The concept of alignment may have been popular among technology enthusiasts a decade ago, but many such initiatives failed to deliver the promised business value. At People, Ideas & Objects, we address business issues by enhancing productivity and performance through specialization and the division of labor, supported by automation. This approach can significantly impact the industry's performance if the internal conflicts within organizations are eliminated. The current structure of having two distinct organizations within one firm creates independent silos working against each other, and consolidation only entrenches and prolongs these issues.

NVIDIA will soon breach a $3 trillion valuation. Tesla doesn’t appear too far behind if I’m reading what their future may look like. What we can say today is that Information Technology is mature in terms of its offering. As an investment it’s behavior is similarly mature. There are more exciting and dynamic industries to be involved in. The value that is being generated remains spectacular and will continue to the foreseeable future. What we have in North American oil & gas is analogous to an individual who’s been living in a homeless shelter for a few decades. Scratching out a living between the free food and currency they can get their hands on. On the periphery there are a group of people who are doing quite well through their schemes and manipulations of those less fortunate. But outside of this dystopian landscape the industry has been there so long that no one expects anything of it. Clean energy, yeah sure why not. Consolidation, yeah why not. Name me one initiative in the industry that has worked in the 21st century. And don’t mention shale, a resource known to always be there, a resource that is only produced as a result of the innovations that the service industry developed in order to access those reserves. Innovations the producers fought the service industry for years before they even tried them. Just as People, Ideas & Objects fight them daily for the past decades to enhance their profitability. What galaxy are these officers and directors from?

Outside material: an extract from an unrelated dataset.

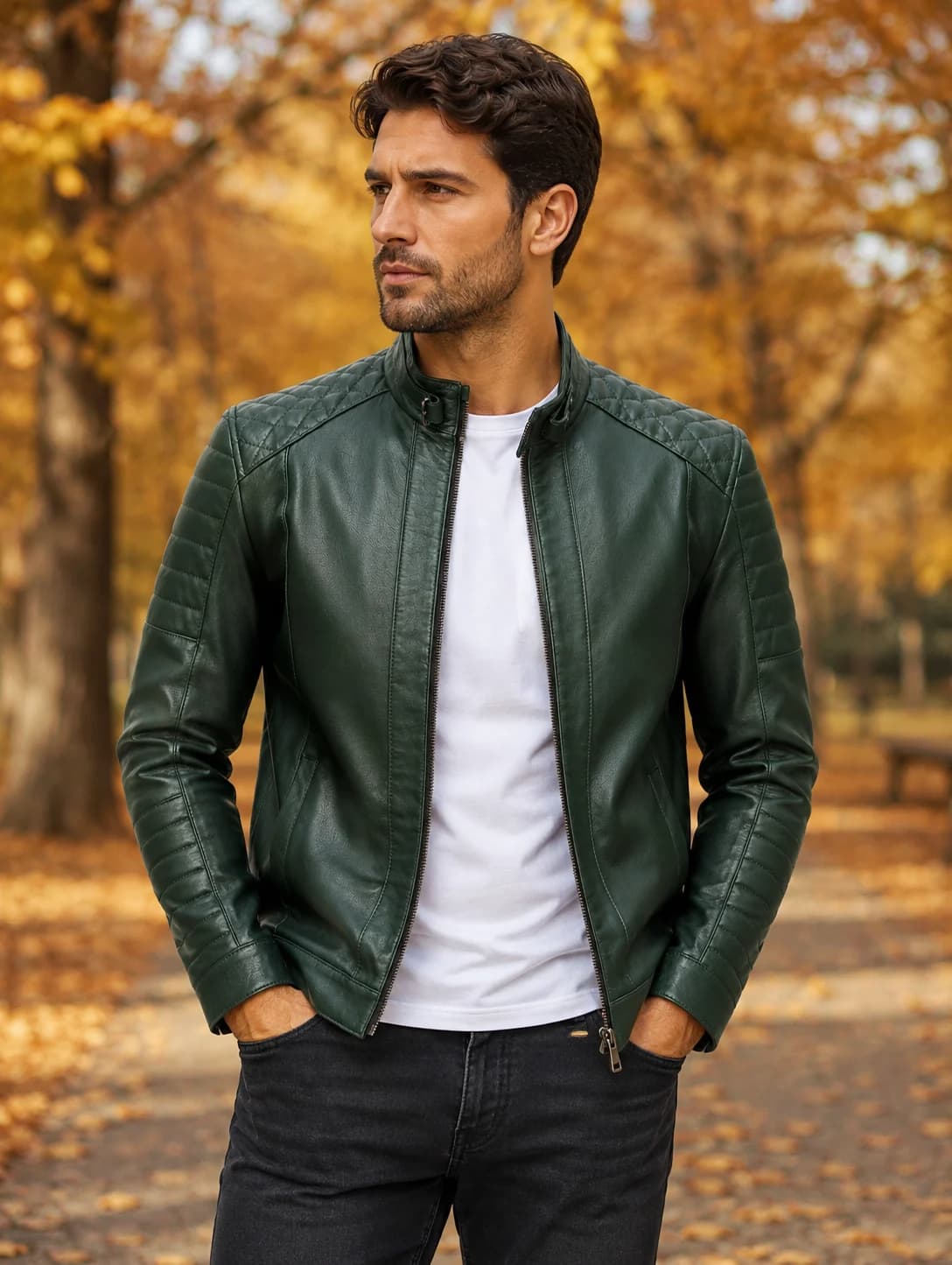 کاپشن چرم سبز مردانه K515 – چرم طبیعی گوسفندی – سایز 48 تا 60 — تصویر ۲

The future we envision is a highly competitive oil & gas industry thriving in North American capital markets. Consolidation, as a strategy, merely seeks to manage inefficiencies on a larger scale. In contrast, People, Ideas & Objects see immense potential in this industry. The path forward lies in embracing our Preliminary Specification, fostering a culture where the industry is dynamic, innovative, accountable and profitable. Leveraging specialization and automation to unlock the true value and competitiveness of North American oil & gas.